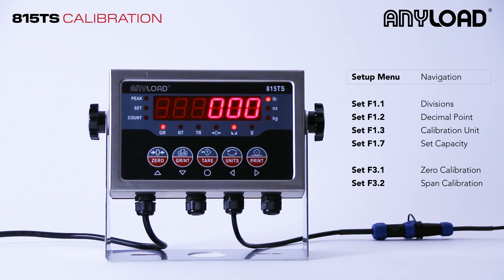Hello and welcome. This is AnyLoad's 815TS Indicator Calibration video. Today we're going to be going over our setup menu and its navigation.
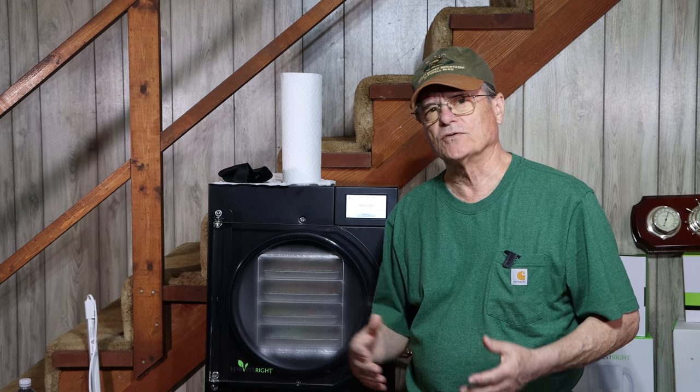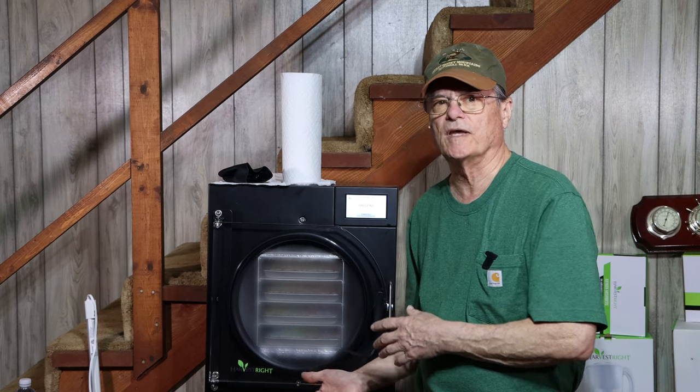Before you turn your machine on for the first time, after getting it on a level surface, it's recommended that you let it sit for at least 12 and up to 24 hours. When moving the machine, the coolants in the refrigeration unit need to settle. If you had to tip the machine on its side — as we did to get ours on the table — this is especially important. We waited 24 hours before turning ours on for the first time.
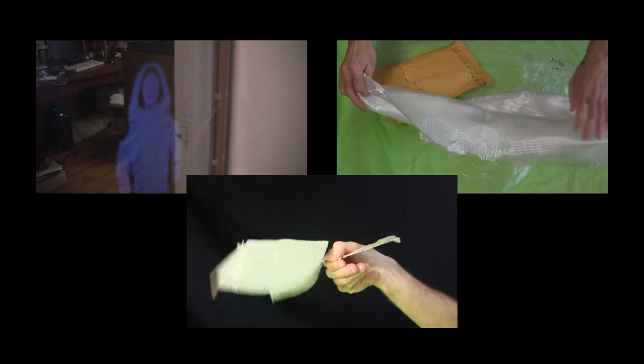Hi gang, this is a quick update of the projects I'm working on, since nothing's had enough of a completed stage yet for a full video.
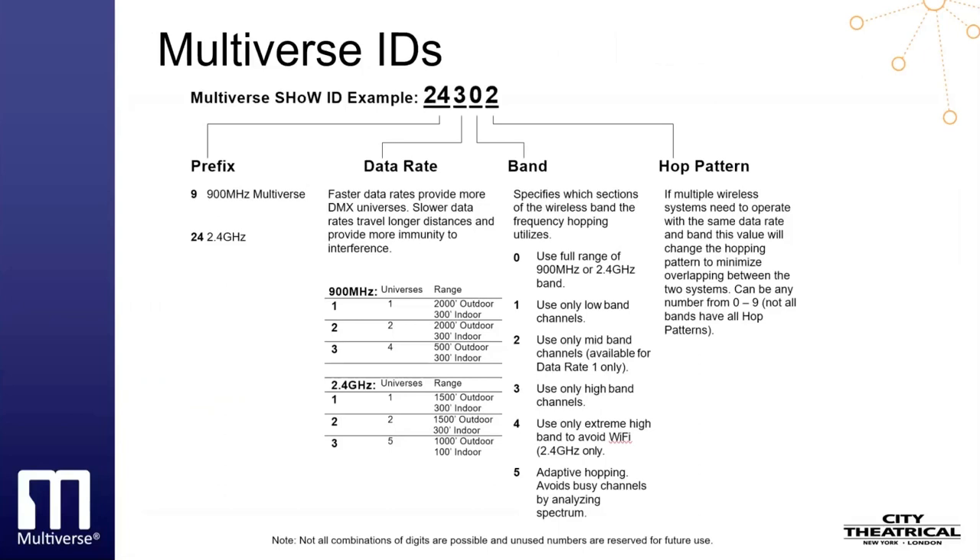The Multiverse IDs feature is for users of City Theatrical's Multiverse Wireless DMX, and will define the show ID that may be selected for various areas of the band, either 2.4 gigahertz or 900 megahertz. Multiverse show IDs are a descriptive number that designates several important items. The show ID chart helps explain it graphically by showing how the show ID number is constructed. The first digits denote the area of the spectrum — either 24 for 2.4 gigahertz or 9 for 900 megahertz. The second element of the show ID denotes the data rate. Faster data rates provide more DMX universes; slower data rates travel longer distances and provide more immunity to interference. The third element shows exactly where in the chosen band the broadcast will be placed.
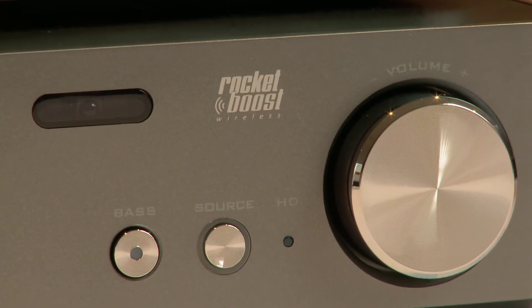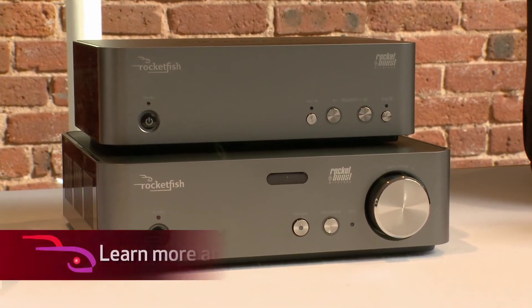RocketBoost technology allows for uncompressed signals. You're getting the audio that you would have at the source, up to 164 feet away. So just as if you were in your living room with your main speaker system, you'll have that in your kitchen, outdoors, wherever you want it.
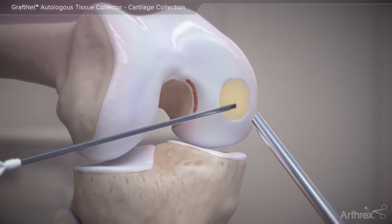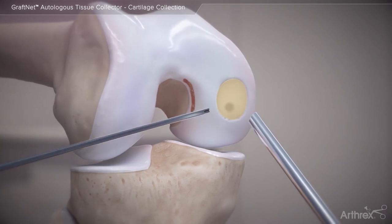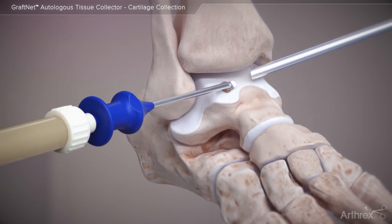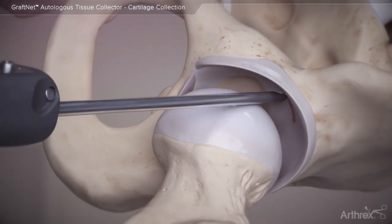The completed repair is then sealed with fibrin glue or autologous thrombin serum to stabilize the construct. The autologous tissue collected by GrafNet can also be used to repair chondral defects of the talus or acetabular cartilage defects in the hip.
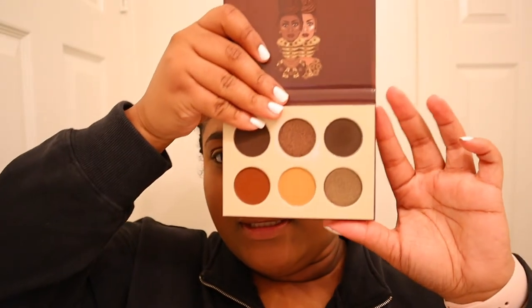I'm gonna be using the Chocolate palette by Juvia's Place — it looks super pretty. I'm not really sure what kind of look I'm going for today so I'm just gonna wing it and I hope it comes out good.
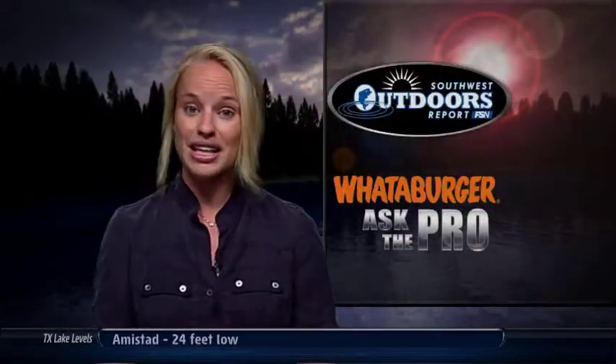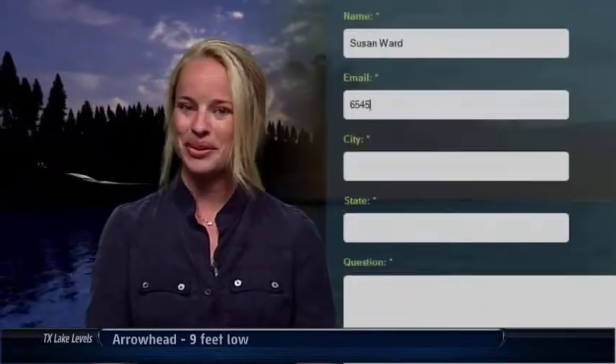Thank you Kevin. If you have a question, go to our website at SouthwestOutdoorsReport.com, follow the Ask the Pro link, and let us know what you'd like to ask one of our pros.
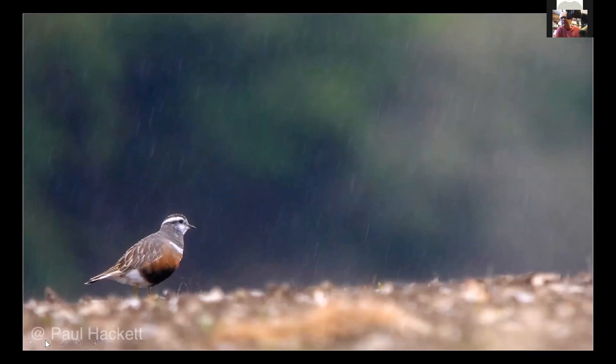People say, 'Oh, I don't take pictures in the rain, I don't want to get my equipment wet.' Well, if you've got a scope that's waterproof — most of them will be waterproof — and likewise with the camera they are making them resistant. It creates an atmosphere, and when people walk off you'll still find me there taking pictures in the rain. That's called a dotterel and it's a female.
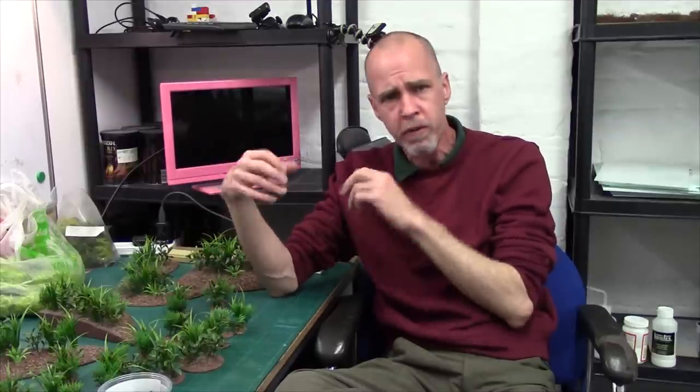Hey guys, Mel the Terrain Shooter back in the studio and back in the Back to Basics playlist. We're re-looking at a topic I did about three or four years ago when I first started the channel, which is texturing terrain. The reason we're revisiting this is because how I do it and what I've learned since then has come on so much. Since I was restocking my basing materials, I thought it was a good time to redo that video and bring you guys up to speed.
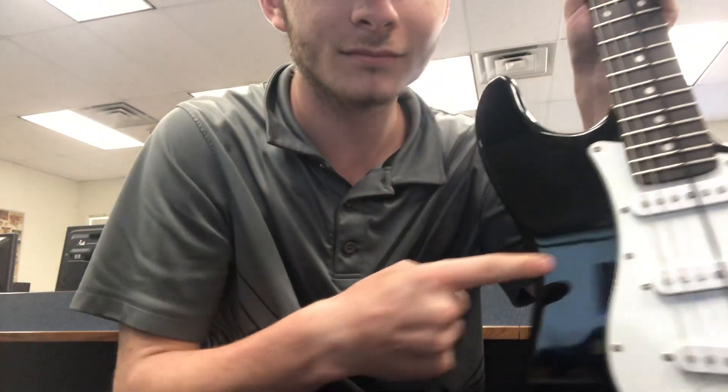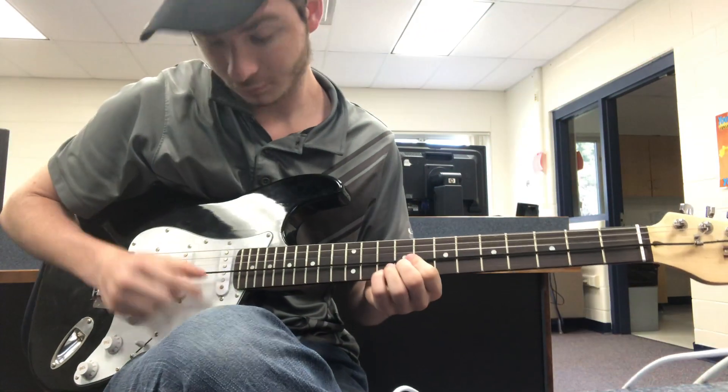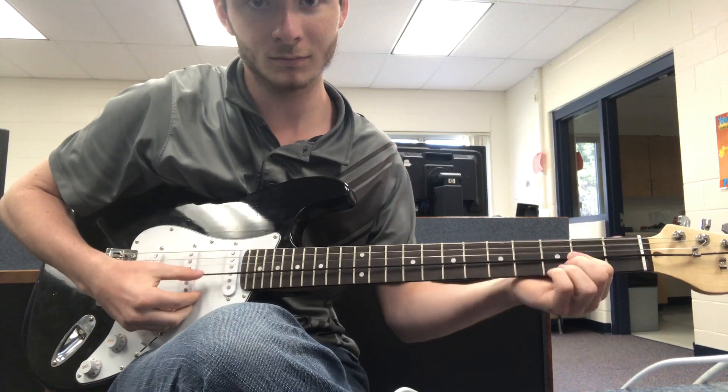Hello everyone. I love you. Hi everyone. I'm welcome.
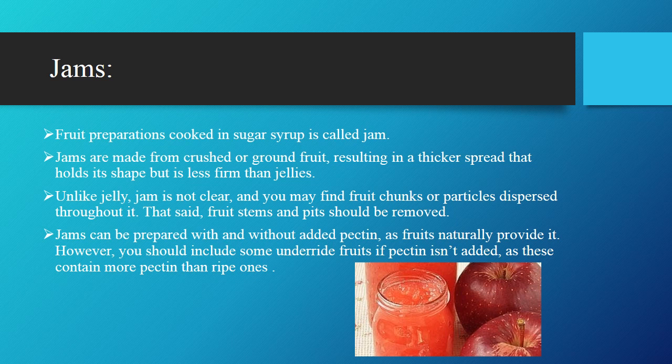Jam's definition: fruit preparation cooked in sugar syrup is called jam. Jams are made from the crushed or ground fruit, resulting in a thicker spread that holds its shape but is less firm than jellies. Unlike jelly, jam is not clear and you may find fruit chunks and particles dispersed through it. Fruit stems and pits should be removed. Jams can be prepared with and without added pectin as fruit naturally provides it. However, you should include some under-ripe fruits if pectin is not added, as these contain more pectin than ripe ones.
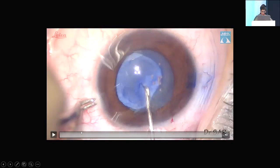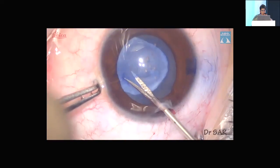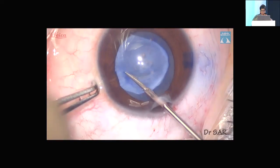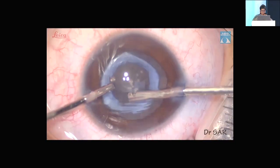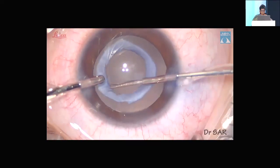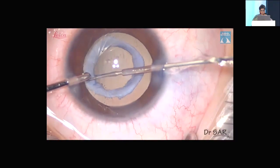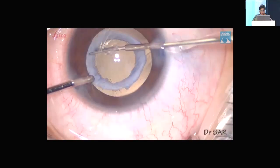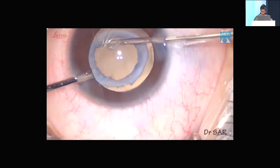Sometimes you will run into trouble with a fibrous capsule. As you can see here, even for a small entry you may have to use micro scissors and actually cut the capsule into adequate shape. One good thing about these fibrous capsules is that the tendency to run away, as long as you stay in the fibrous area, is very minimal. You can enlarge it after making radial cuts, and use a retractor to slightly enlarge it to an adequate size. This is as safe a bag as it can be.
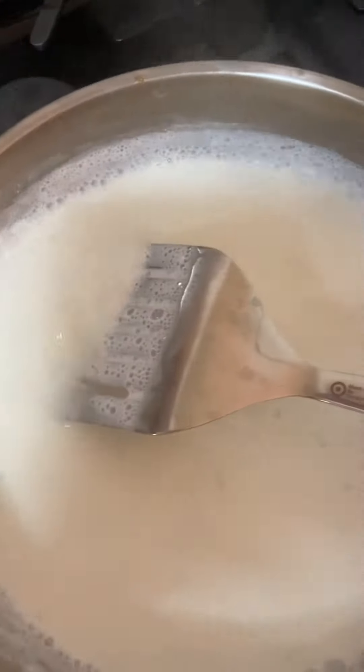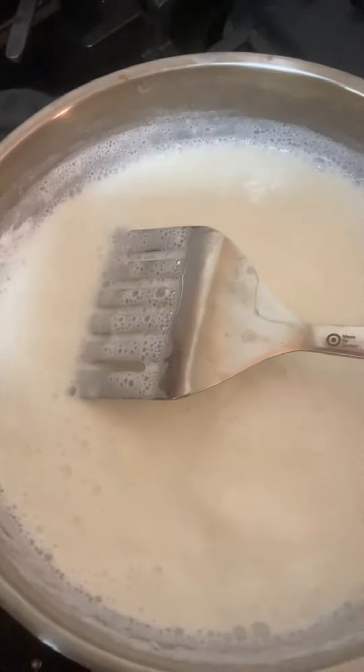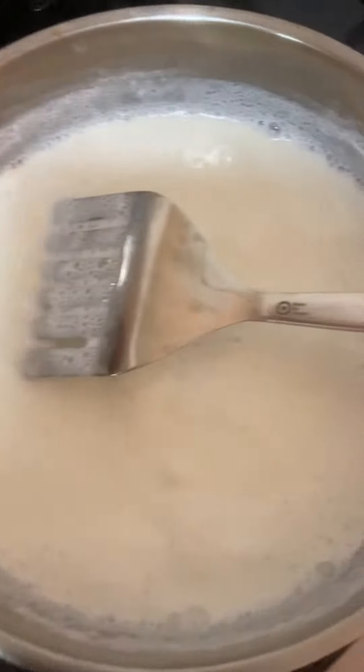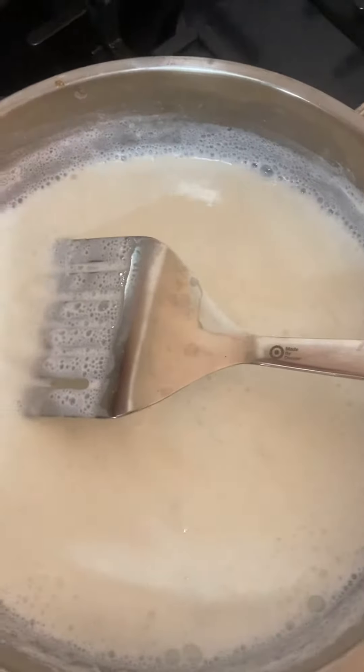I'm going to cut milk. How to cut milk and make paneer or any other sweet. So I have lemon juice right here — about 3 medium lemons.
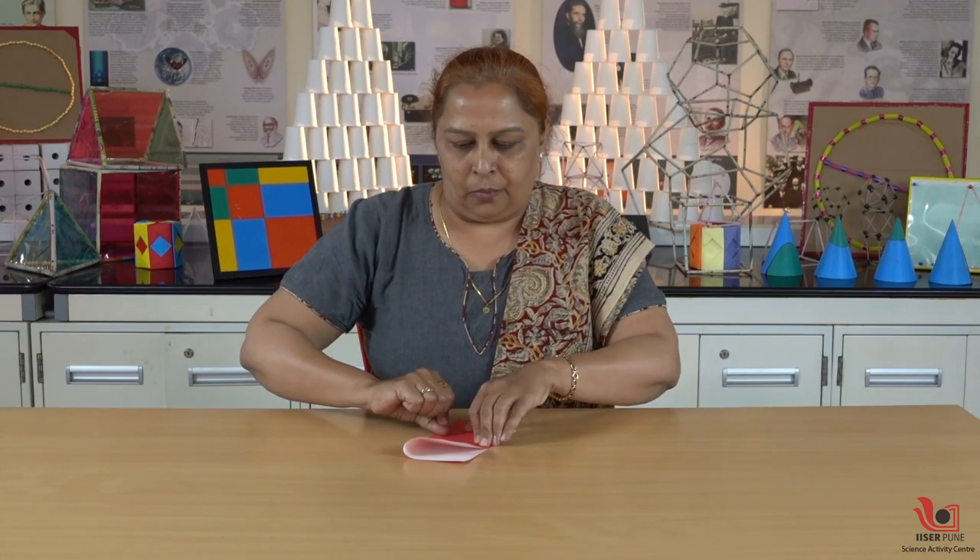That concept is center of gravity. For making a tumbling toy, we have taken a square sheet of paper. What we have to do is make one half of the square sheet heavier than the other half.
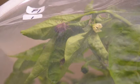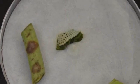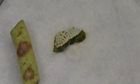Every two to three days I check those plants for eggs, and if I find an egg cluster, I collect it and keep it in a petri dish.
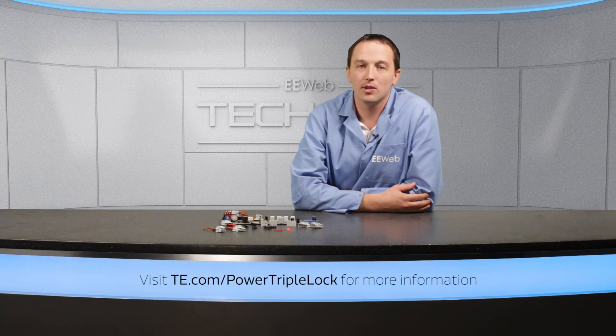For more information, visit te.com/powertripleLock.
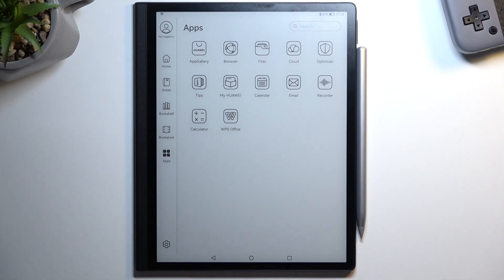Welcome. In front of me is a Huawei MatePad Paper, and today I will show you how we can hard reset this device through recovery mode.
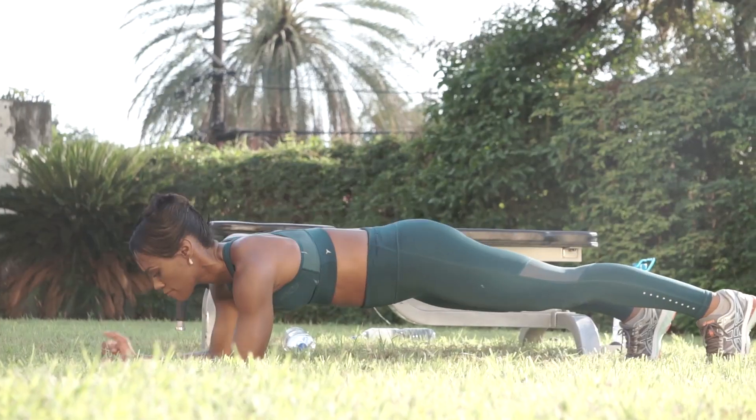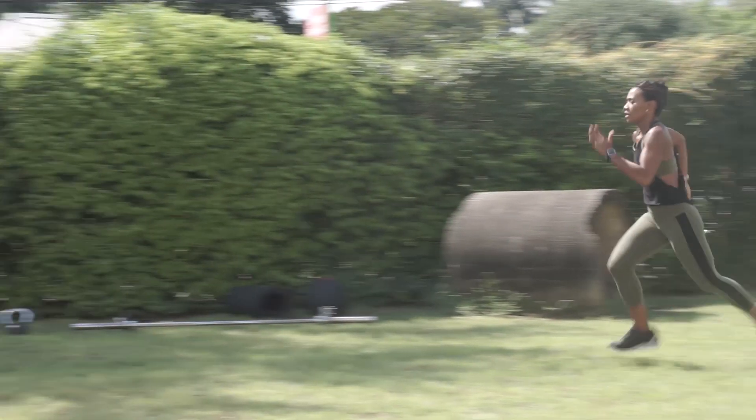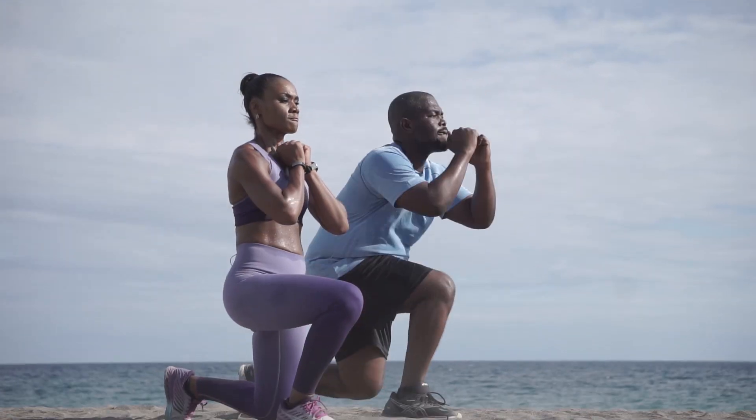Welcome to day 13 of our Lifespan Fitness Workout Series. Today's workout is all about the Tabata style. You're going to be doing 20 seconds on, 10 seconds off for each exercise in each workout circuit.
——————————
* [Exercise details]
Where the line containing "Jam's definition: fruit" appears, begin writing out the lines word for word, and continue through the last line of the data, leaving out pictures.

* [Exercise result]
Jam's definition: fruit preparation cooked in sugar syrup is called jam. Jams are made from the crushed or ground fruit, resulting in a thicker spread that holds its shape but is less firm than jellies. Unlike jelly, jam is not clear and you may find fruit chunks and particles dispersed through it. Fruit stems and pits should be removed. Jams can be prepared with and without added pectin as fruit naturally provides it. However, you should include some under-ripe fruits if pectin is not added, as these contain more pectin than ripe ones.
Sometimes you will run into trouble with a fibrous capsule. As you can see here, even for a small entry you may have to use micro scissors and actually cut the capsule into adequate shape. One good thing about these fibrous capsules is that the tendency to run away, as long as you stay in the fibrous area, is very minimal. You can enlarge it after making radial cuts, and use a retractor to slightly enlarge it to an adequate size. This is as safe a bag as it can be.
I'm going to cut milk. How to cut milk and make paneer or any other sweet. So I have lemon juice right here — about 3 medium lemons.
That concept is center of gravity. For making a tumbling toy, we have taken a square sheet of paper. What we have to do is make one half of the square sheet heavier than the other half.
Every two to three days I check those plants for eggs, and if I find an egg cluster, I collect it and keep it in a petri dish.
For more information, visit te.com/powertripleLock.
Welcome. In front of me is a Huawei MatePad Paper, and today I will show you how we can hard reset this device through recovery mode.
Welcome to day 13 of our Lifespan Fitness Workout Series. Today's workout is all about the Tabata style. You're going to be doing 20 seconds on, 10 seconds off for each exercise in each workout circuit.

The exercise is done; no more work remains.